In the afternoon class in Gainesville, Phil had them do teacher evaluations and buy their texts for their next classes; they have a two-week vacation now. While they were writing their final essays, I graded the morning finals and also finished reading the New York Times.

A lot of students shook my hand at the end and said or wrote embarrassing stuff. The only thing that irked me was a comment on one final that I taught “too many black writers.” I counted all the writers I assigned, and about 55% were white males; 18% were blacks. But I’ve had this comment before in Gainesville, when I taught at Santa Fe Community College.

After dropping the Moyers video off at the library, I came home to try to unwind. My mail is now being forwarded to Fort Lauderdale, so my mailbox was empty. I know I probably need to do stuff in preparation for moving, but I’m giddy from the end of the semester and tired from lack of sleep and a long day of work.

As much as I dreaded it, I called my parents this evening – but everything sounded reasonably okay.
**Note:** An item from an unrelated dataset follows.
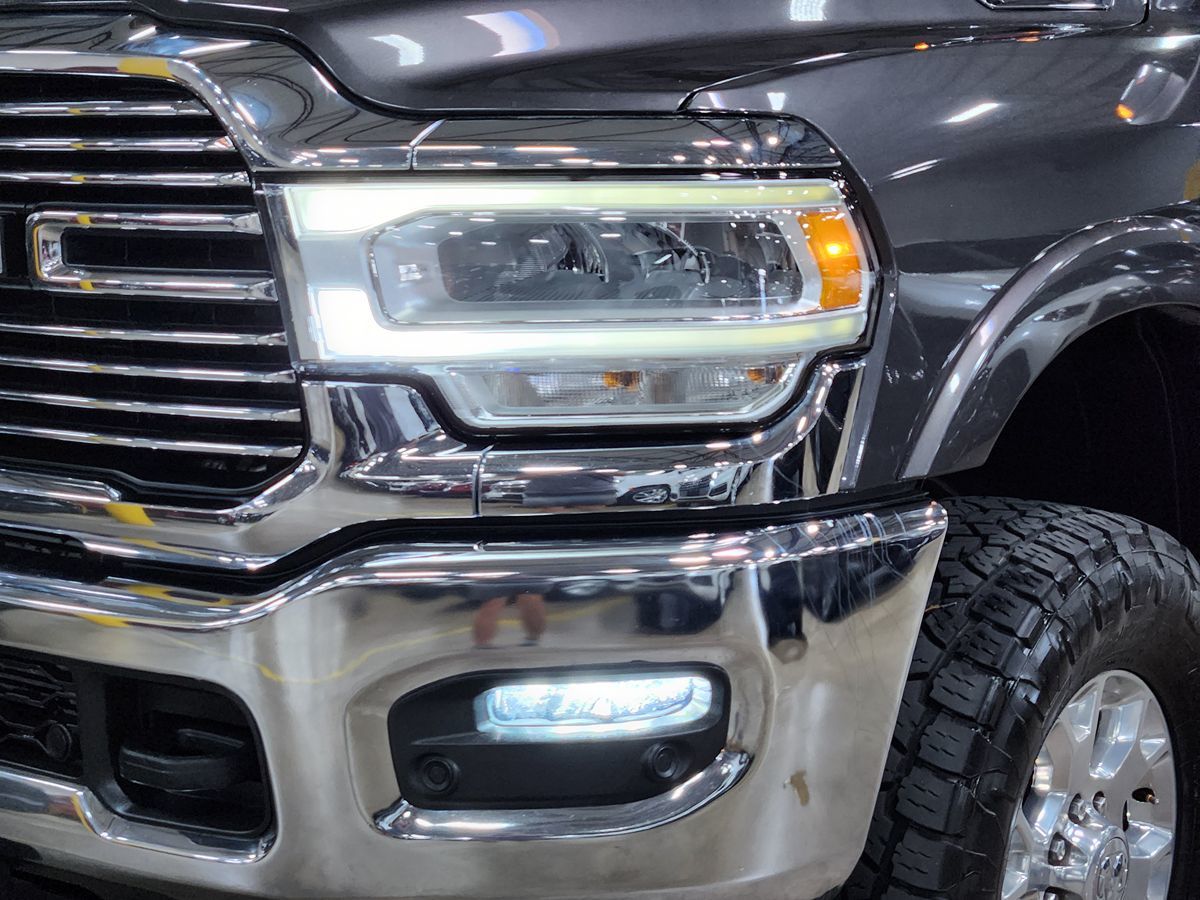 2022 Ram 2500 Laramie photo 11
According to Mom, they all seem pretty adamant about continuing to live together in that house. Mom is talking about Dad selling tuxedo shirts, but it sounds like it’s just a grasping at straws, a half-baked plan.

Mom doesn’t plan to work herself. She scorned my suggestion that they consider moving to a cheaper area, like Ocala, Palm Bay, or Pasco County, and she said, “Ugh!” when I suggested a retirement community or a condo. “That’s not me,” she said.
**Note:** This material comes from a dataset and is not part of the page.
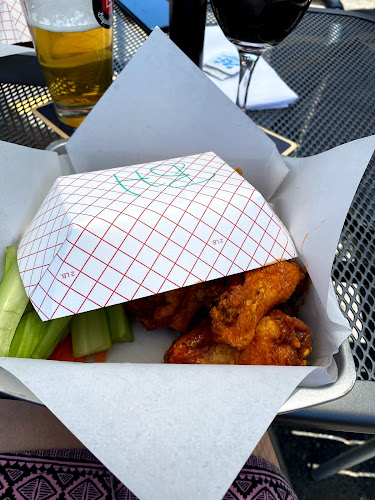 Kim's Wooden Nicol - Hospitality and gastronomy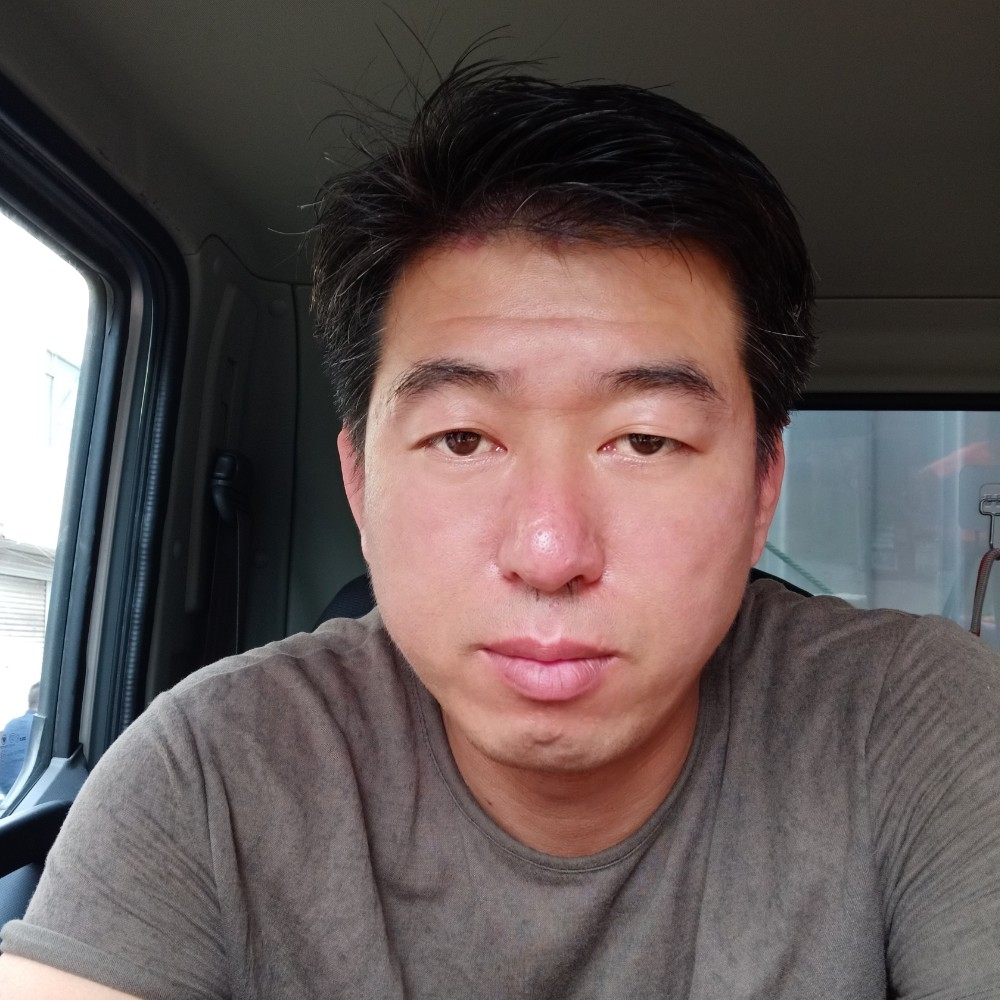 大叔拿淡然的照片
Mom seems to feel she’s too good for that. It’s like her refusal to use Scott Tissue instead of that more expensive, supposedly softer, toilet paper: Mom has the sensibilities of – well, this is sexist and bigoted, but it gets my point across – a Jewish-American Princess, but without having the means to live that lifestyle.
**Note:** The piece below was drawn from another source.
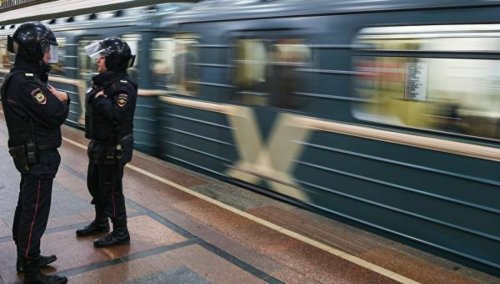 В Москве пассажир упал под поезд метрополитена и выжил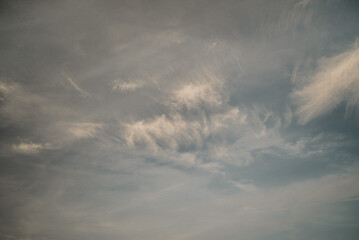 Ein weißer Wolkenschleier am blauen Himmel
But, hey, that’s fine with me. I don’t want Mom telling me how to live, either; I may be wrong thinking that if she’d be more flexible, she’d be facing reality.

Still, unlike my parents, I do know how to live like a poor person; they’d never live in most of the places I’ve lived in.

When I was in Rockaway and asked them to pick out an apartment for me in Gainesville, they selected something way beyond my means because it was new and had a washer/dryer, microwave, etc.

But I’ve lived just fine in my little dingy efficiency here – without cable TV, even. And when my Bonneville died at the end of 1993, I went without a car for five months until one was absolutely necessary.

While I appear to be in danger of dislocating several joints by patting myself on the back, it’s undeniably true that I’ve learned that one can do with a lot less. It’s not as if I’ve even felt I made any sacrifices; after all, compared with much of humanity, I live in great luxury.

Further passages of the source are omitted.